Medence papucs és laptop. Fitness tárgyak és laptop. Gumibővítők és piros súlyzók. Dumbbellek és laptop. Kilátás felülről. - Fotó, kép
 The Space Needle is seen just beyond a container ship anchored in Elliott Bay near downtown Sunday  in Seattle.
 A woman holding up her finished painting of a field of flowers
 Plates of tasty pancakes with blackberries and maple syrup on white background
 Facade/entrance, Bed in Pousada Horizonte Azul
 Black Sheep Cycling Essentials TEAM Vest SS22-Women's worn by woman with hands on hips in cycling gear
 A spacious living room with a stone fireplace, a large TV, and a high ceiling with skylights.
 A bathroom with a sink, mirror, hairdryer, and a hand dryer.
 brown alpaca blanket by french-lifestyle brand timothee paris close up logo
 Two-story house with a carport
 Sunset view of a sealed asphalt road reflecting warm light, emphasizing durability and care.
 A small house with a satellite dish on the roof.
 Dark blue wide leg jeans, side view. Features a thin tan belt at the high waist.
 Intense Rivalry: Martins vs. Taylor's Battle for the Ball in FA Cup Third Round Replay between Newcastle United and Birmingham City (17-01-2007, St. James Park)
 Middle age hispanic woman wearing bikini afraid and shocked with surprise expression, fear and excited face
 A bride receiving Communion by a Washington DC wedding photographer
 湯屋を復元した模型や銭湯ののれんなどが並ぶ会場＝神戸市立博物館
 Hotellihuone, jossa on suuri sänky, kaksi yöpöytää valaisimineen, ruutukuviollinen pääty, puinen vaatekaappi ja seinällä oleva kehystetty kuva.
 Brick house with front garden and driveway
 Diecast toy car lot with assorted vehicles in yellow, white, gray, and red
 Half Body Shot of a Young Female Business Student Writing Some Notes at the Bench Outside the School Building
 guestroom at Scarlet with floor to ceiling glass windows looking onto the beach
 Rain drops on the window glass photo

• Your goal: Copy the lines above exactly. Start with the line containing "A bathroom with", end with the line containing "Two-story house with a carport", and include both.

• Result of the exercise:
 A bathroom with a sink, mirror, hairdryer, and a hand dryer.
 brown alpaca blanket by french-lifestyle brand timothee paris close up logo
 Two-story house with a carport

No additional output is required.